What should you absolutely not miss when visiting? The Casa Boyacá, built around 1890 and restored in 2005, is one of the few homes rebuilt to rent to low and medium-income families. Its uniqueness lies in the triangular shape of its architecture. The back wall is “supported” by another section of the wall of the old city. A few blocks further down, on Avenue A, is the Church of San José, the main attraction of which is the so-called “golden altar,” capable of blinding anyone who enters its nave after a few hours of walking under the bright sun.

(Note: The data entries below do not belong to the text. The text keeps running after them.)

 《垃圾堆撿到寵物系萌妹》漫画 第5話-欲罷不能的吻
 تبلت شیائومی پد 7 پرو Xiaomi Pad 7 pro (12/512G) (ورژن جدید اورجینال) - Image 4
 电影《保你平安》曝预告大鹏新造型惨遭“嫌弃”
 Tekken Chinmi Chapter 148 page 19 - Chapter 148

As the story, or the legend, depending on how you view it, goes, when the monks realized Morgan was approaching, they protected the golden altar by covering it with mud. In reality, the altar is made of carved mahogany covered with gold leaf. Along the same avenue are the ruins of the Society of Jesus (Iglesia de la Compañía de Jesús) —the oldest church in the Casco— and the Convent of Santo Domingo, built in 1678.
If you continue walking straight, you will once again reach the Paseo Esteban Huertas. But if you go up Calle 7, you will arrive directly at the Plaza de la Independencia, where the best time is early May, when the Guayacan trees flower and the plaza turns into a carpet… not of butterflies but of yellow flowers.

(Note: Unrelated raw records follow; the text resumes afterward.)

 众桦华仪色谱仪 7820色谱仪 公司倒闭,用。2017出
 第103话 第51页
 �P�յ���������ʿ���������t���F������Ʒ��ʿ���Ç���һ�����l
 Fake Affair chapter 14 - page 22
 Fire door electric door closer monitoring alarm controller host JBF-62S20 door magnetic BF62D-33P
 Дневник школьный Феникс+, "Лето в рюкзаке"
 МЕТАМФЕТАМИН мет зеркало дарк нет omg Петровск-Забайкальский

The plaza is used on Sundays —when vehicular traffic is only permitted on the peripheral streets— to house a bazaar with artistic and cultural presentations. Facing the plaza is the Metropolitan Cathedral (Catedral Metropolitana), the Casco’s most iconic building, the construction of which began in 1688 and ended in 1796. It is currently under restoration, which promises to return it to its former splendor and make it part of the tourist circuit of churches in the Casco Viejo. There are five churches in total. In fact, the last church to open its doors to the public is San Francisco de Asís, opposite Plaza Bolívar: the hippest in the neighborhood.

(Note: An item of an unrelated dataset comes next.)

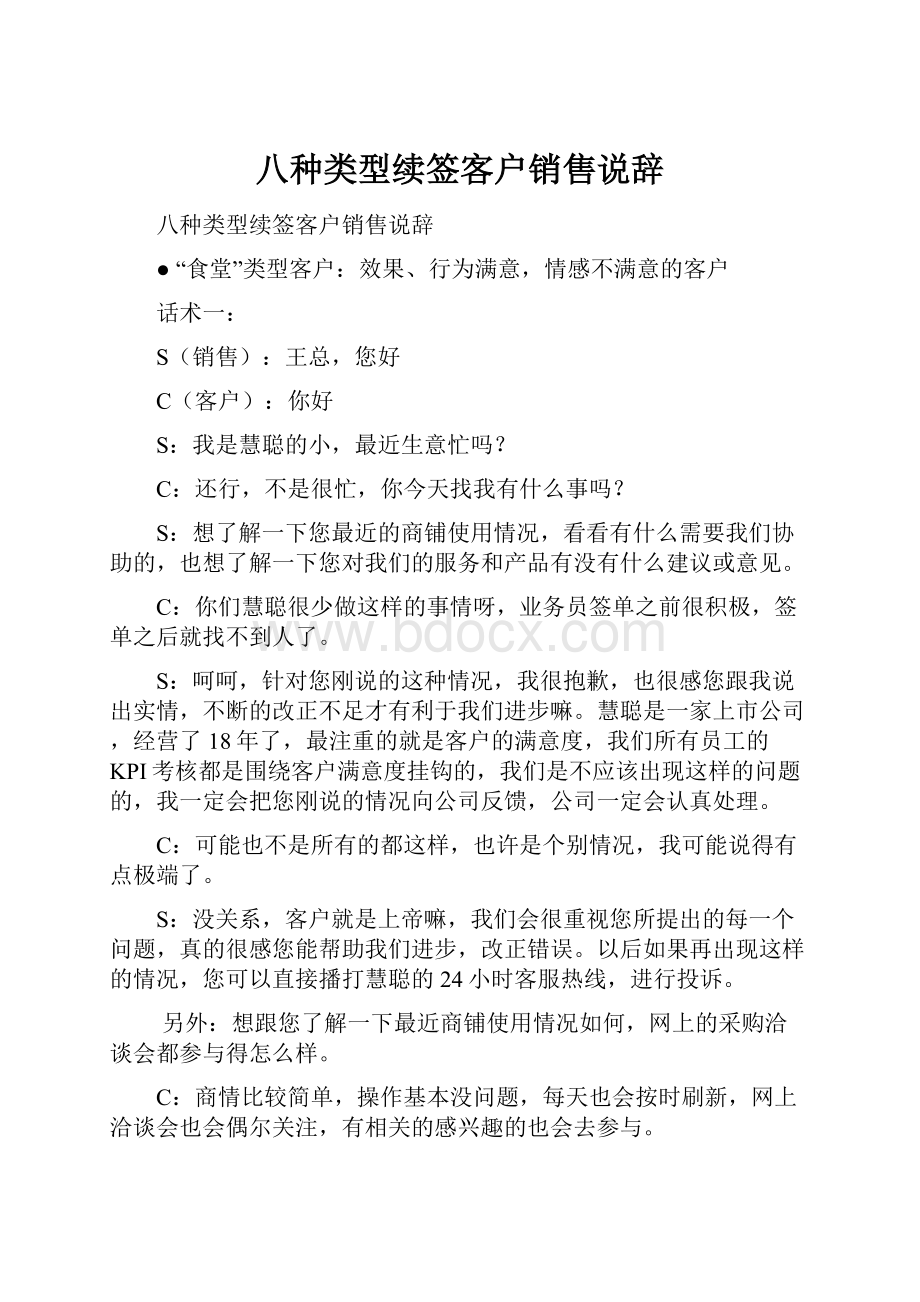 八种类型续签客户销售说辞.docx_第1页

The current image of the San Francisco de Asís church dates from 1918 and its reopening is a cause for joy, considering it was abandoned for a decade. Adjacent to the church is the Palacio Bolívar —seat of the Ministry of Foreign Relations. Around the square is a wide array of restaurants, which are best in the evening. The National Theater is also there, currently closed for remodeling, and the Church of San Felipe Neri, the smallest in the area.
After the Casco Viejo’s architectural and historic wealth, the atmosphere of the area is the best part. This atmosphere is evident not only in the nightlife in its bars, restaurants, and the Anita Villalaz Theater, but also in the spirit that pervades the hundreds of officials who work at the nearby ministry offices or at the Presidency of the Republic. The feeling is also in the schools: every day at noon, for example, a seemingly endless cluster of young children appear from the Escuela República de México School at the end of their school day. And you find yourself walking through the Casco behind mothers holding hands with their children, taking them back home.
That’s when one thinks, as Rebeca Somoza de Burgos, the director of the OCA says, that the Casco Viejo of Panama City is a heritage site of undeniable wealth, memory, and leisure possibilities, but above all spirit, the kind that suffuses all the people who walk and breathe along its streets.